Contrary to these economic theory uncertainties, the broadly accepted standard in agricultural economics textbooks regarding the interrelations between futures and spot markets for agricultural commodities is that futures markets allow for price discovery by market participants, smoother allocation of commodities over time, and the transfer of risk from hedgers to speculators. The distribution of products through time, price discovery, and risk transfer are believed to alleviate some of the erratic price movements, or volatility, that are common in commodity markets; hence, futures markets have stabilizing effects on spot market prices for storable commodities (e.g., Tomek and Kaiser, 2014; Ferris, 2005). Comprehensive literature reviews regarding empirical studies to date are provided in, for example, Irwin, Sanders, and Merrin (2009) or, more recently, in Dimpfl, Flad, and Jung (2017). Empirical studies themselves, however, provide much less conclusive and decisive evidence for price stabilizing or destabilizing effects.
These inconsistencies in findings could be nicely illustrated by comparing Brorsen et al. (1989) and Weaver and Banerjee (1990): Brorsen et al. found that live cattle futures increased the volatility in the cash market while Weaver and Banerjee, considering the same time period, found that live cattle futures did not affect the cash market volatility. Most recently, Goetz, Miljkovic, and Barabanov (2021) found destabilizing impacts of futures markets on corn spot prices and stabilizing impacts on oil spot prices in the United States. Their theoretical model predicted that when production (supply side) is the dominant disturbance, the spot price is destabilized in the short run by futures markets but may or may not be stabilized in the long run. Agricultural commodity markets, including corn markets, are subject to various production disturbances such as weather events (e.g., drought, flood, hail) or pest infestations (Tomek and Kaiser, 2014). Moreover, legislation on ethanol subsidies in recent decades further stimulated corn production within and outside the Corn Belt, adding to the list of supply (and demand) side disturbances on corn prices (e.g., McPhail and Babcock, 2012; Miljkovic, Ripplinger, and Shaik, 2016). Their empirical results indicate a large impact from futures markets on spot price volatility of corn in both the short and long run, which is consistent with the theoretical model. A companion paper (Miljkovic and Goetz, 2020a) analyzing the North American hard red spring wheat market and prices came to similar conclusions. In the national oil markets, demand (consumption) side disturbances were dominant during the period considered, hence a small and stabilizing impact of futures prices on spot oil prices in the United States. This finding is reinforced in the companion paper (Miljkovic and Goetz, 2020b) that considered US regional oil markets. Hence, their empirical results are consistent with their model predictions. In terms of sophistication, previous studies move from those using simple Granger causality (Irwin, Sanders, and Merrin, 2009) to Hasbrouck’s (1995) more complex information share methodology, used by Dimpfl, Flad, and Jung (2017), or causal analysis using directed acyclic graphs theory, as in Miljkovic and Goetz (2020a,b).

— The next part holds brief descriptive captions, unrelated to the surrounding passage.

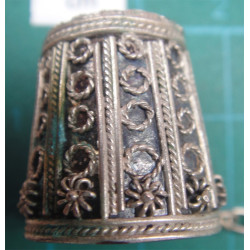 SILVER ENAMEL THIMBLE_34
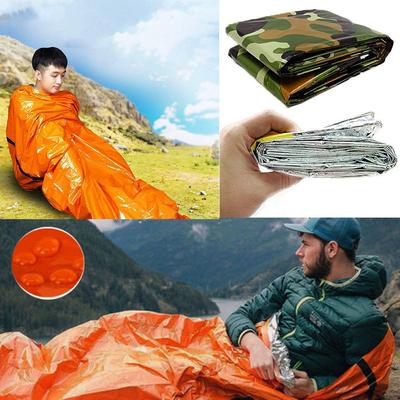 Wander Survival Schlafsack Sonnenschutz Werkzeug Thermisch Warm Halten Outdoor Notfalldecke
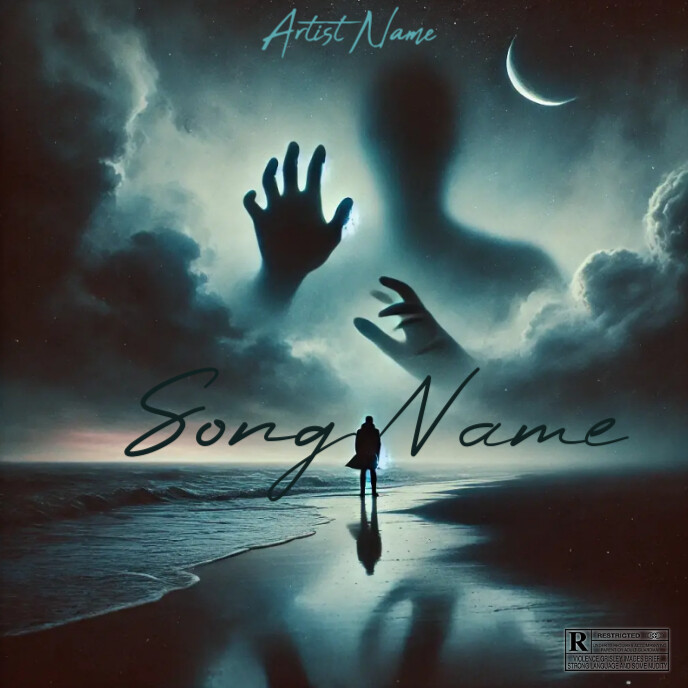 Surreal Cover , Shadow Album Cover Template | PosterMyWall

Unsurprisingly, this lack of consensus in both the theoretical and empirical literature only furthered one of the recurring arguments made against futures markets that, by encouraging or facilitating speculation, they give rise to price instability. This argument, in various versions, has been made throughout many past congressional hearings going back to the 1960s and 1970s and as recently as 2009 (Commodity Futures Trading Commission, 2009). Thus, there is a duality: The mainstream agricultural economics narrative, as recorded in textbooks, emphasizes the price-stabilizing role of futures markets, while the popular belief of different interest groups points to futures markets’ destabilizing impact, a belief that is partially supported by theoretical and some empirical research.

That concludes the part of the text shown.